# Solved: rca to usb cable



## thedancingman432 (Jul 13, 2010)

I recently have gotten an rca to usb cable and was wondering if i need any software to use it on my computer, specificly, using my computer screen more or less as the tv (monitor) for my ps2. I have vista for my laptop and links for software but preferably freeware would be much appreciated

p.s. I would only need the video if all else fails because I have external speakers that I could use for that.


----------



## cwwozniak (Nov 29, 2005)

Hi thedancingman432, and welcome to TSG.

Exactly what kind of RCA to USB cable did you get. Does it have some kind of box with electronics in it or is it literally a cable with a USB plug on one end and one or more RCA plugs on the other end?

Did the cable come with any kind of software?


----------



## thedancingman432 (Jul 13, 2010)

it is literally a rca to usb cable with no box or anything and it has no software


----------



## cwwozniak (Nov 29, 2005)

Then I believe that you are out of luck. As far as I can tell, the RCA output jacks on the Playstation 2 are analog audio and video. A normal USB connector on a computer is high speed serial digital data only. There is no way to convert from one to the other with just wires in a cable.


----------



## thedancingman432 (Jul 13, 2010)

so there is no software to convert this signal into one the computer could display?


----------



## cwwozniak (Nov 29, 2005)

That is correct. There can be no software because the standard USB hardware inside of a computer does not support inputting the signals.


----------



## loserOlimbs (Jun 19, 2004)

I would agree, I can't that working unless there is a converter on the line somewhere... like maybe an RCA to display port.


----------



## thedancingman432 (Jul 13, 2010)

could you further explain a "rca to display port" and could i change the video output on my ps2? also, if the cable is the way it is, what is it used for, other than what i have said?


----------



## thedancingman432 (Jul 13, 2010)

Also on my ps2 there is some options that might be useful. there is the option of "digital out(optical) (on/off)", there is also the option of "component video out (y cb/pb Cr/pr or RGB). hope it is usefull!


----------



## cwwozniak (Nov 29, 2005)

thedancingman432 said:


> if the cable is the way it is, what is it used for, other than what i have said?

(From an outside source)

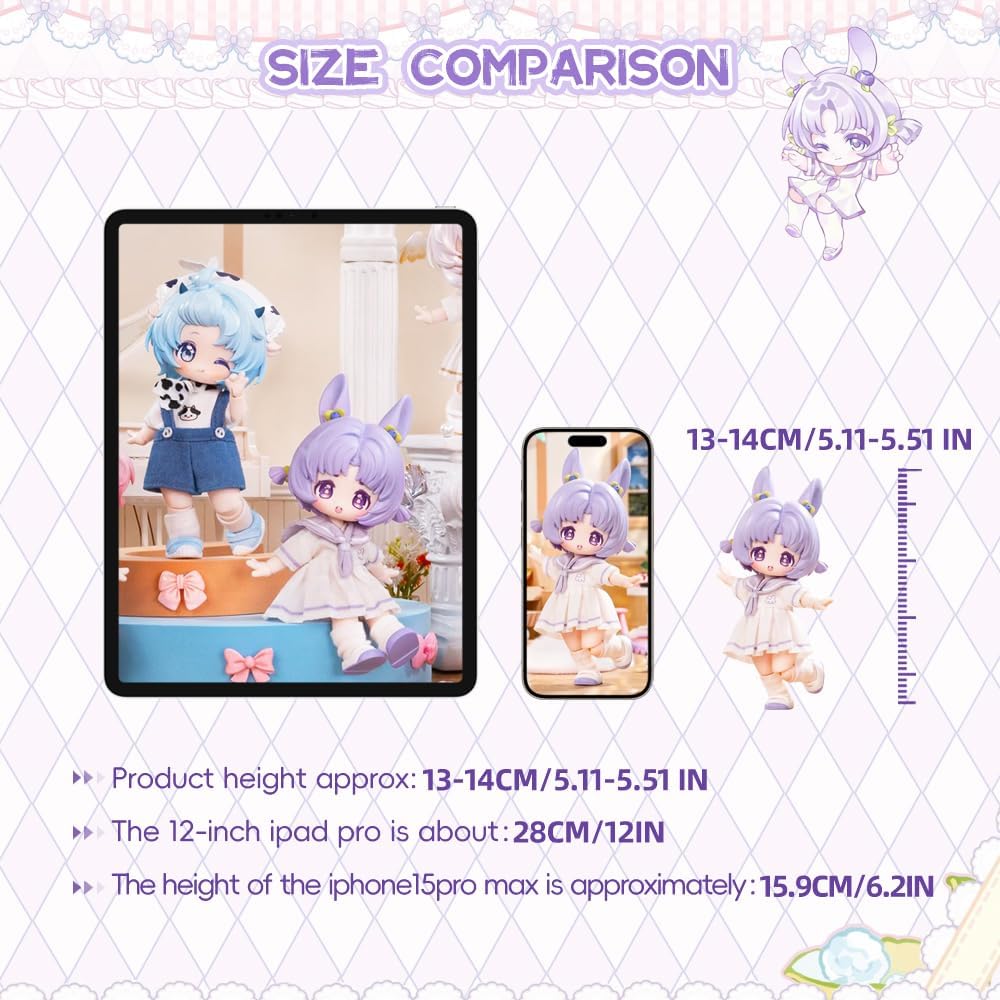 1/12 BJD Blind Box Dessert Kindergarten Series Cute Dress Up Doll Collection Action Figure Toys Gift Ornament (Single Box)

It is very good at taking money out of your pocket and putting it in the pocket of the seller if it is like this cable sold on Amazon (read the reviews):

http://www.amazon.com/3-RCA-to-USB-...dp_top_cm_cr_acr_txt?ie=UTF8&showViewpoints=1

What is the exact brand and model number of your computer?


----------



## thedancingman432 (Jul 13, 2010)

thats more or less the exact cable that I got and I have a hp pavilion dv9000


----------



## thedancingman432 (Jul 13, 2010)

would these little guys do the trick:
http://www.amazon.com/EASYCAP-Audio...?s=electronics&ie=UTF8&qid=1279077776&sr=1-10

http://www.amazon.com/Easycap-USB-V...6?s=electronics&ie=UTF8&qid=1279077776&sr=1-6

http://www.amazon.com/EasyCAP-Audio...2?s=electronics&ie=UTF8&qid=1279077776&sr=1-2

and if so, which one and would I need any software?


----------



## cwwozniak (Nov 29, 2005)

As far as I can tell all three of your links are for the same device sold by different vendors. You would need to do some research to make sure they are compatible with your computer's operating system and if they allow simply displaying the incoming video on the computer screen.

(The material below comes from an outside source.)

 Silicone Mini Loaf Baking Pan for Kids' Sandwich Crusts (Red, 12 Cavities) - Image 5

If the software lets you display the incoming video, you may notice an objectionable amount of lag when playing action games.


----------



## thedancingman432 (Jul 13, 2010)

i guess it should work. the product in question that I might buy has software and if that doesn't work then aparently software that I have already downloaded should do the trick.


----------



## grampybox (Jul 9, 2010)

I too got an RCA to USB cable to discover it wasn't half of what I needed. I do think they'll work on the digital camcorders with RCA outputs. but not for analog to digital connections

I recently got an EZ Cap to connect my JVC VHSC camcorder to my computer. It does the job for me. I haven't tried using it on my PS2 (never even considered it ) You can also find then for about $8 "Buy it now" at EBay with free shipping. It will come with the necessary drivers and also Ulead Video Studio 8 DVD.

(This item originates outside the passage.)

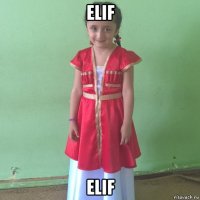 elif elif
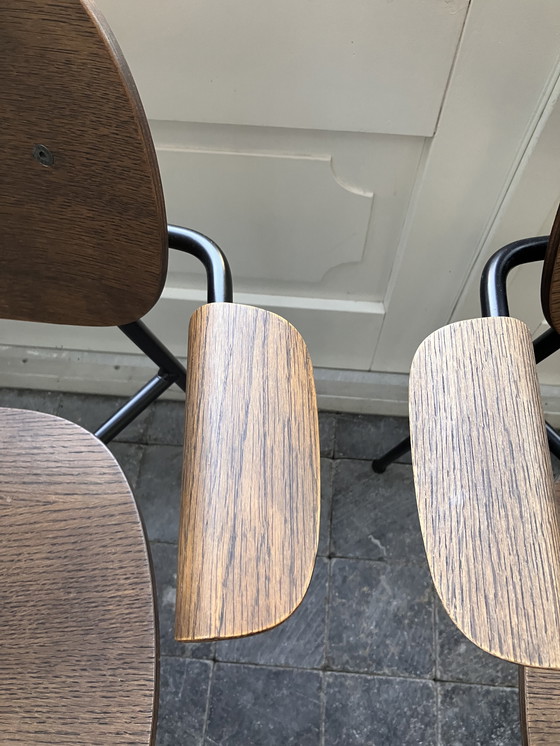 Image 1 of 2x Audo Copenhagen Co Eetkamerstoel Met Arm Eiken Zwart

They will work with Windows XP but I did see where some were having problems when using with Vista. 
I researched the EZ Cap a bit before I bought it Just copy this *Easycap USB 2.0 Video TV DVD VHS Audio Capture Adapter *into the search box on your browser. There are even several You Tubes to help show you how to use it 
This address:

*youtube.com/watch?v=WMAfItfbghM*

shows a PS2 game testing the EZ Cap. just C&P into your browser

Hope this helps
Grampy


----------